> _TASK DESCRIPTION_
In full and word for word, copy the listing; no pictures belong in the copy.

> _AVAILABLE DATA_
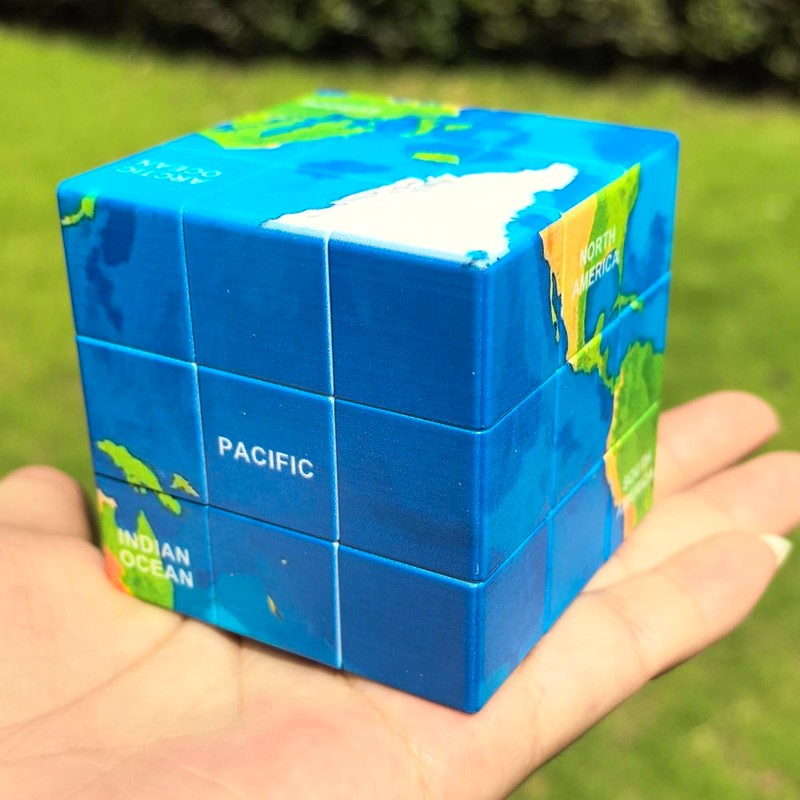 3x3x3 World Map Design Speed Cube Geography Puzzle,Educational Brain Teaser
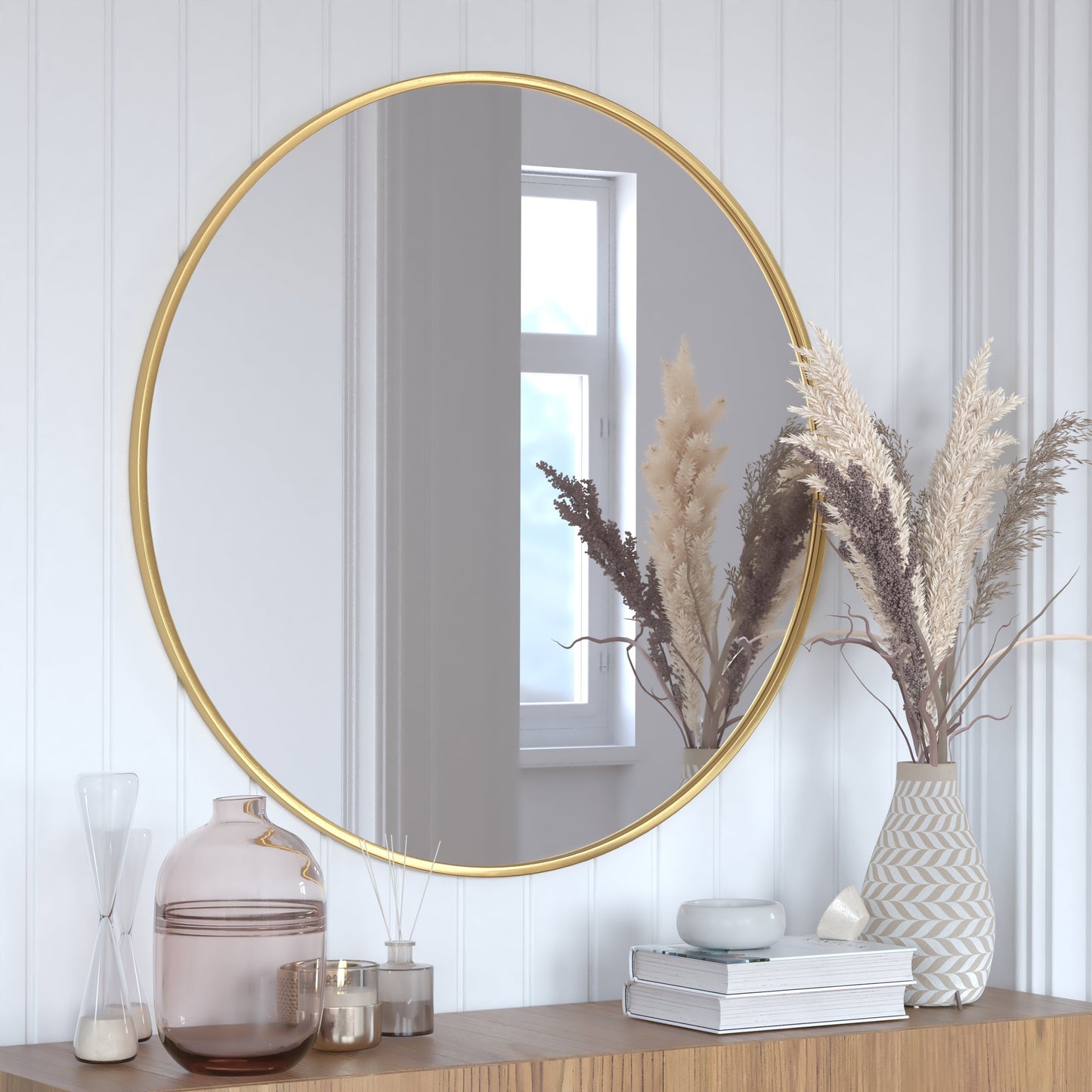 Gold 36" Round Wall Mirror HFKHD-6GD-CRE8-591315-GG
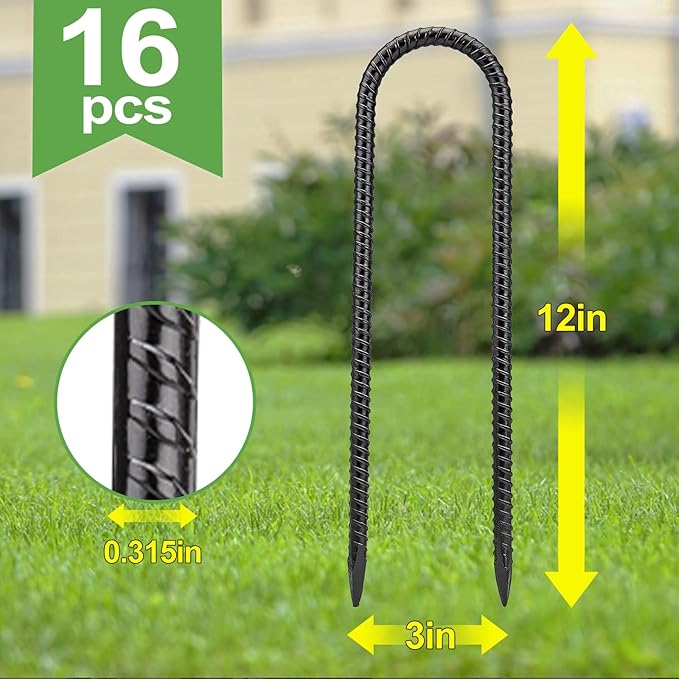 12 Inch 16 Pack Ground Anchors Heavy Duty Rebar Stakes Garden Stakes U Hook Galvanized Steel Ground Stakes Tent Stakes Trampoline Stakes, for Camping Tents Soccer Goals, Black
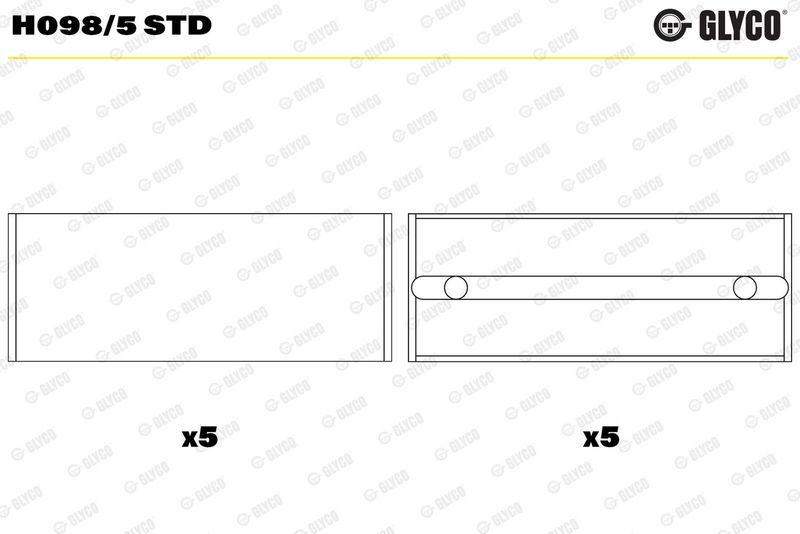 Glyco H0985STD Вкладиш підшипника колінчатого вала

> _WRITTEN REPLY_
 3x3x3 World Map Design Speed Cube Geography Puzzle,Educational Brain Teaser
 Gold 36" Round Wall Mirror HFKHD-6GD-CRE8-591315-GG
 12 Inch 16 Pack Ground Anchors Heavy Duty Rebar Stakes Garden Stakes U Hook Galvanized Steel Ground Stakes Tent Stakes Trampoline Stakes, for Camping Tents Soccer Goals, Black
 Glyco H0985STD Вкладиш підшипника колінчатого вала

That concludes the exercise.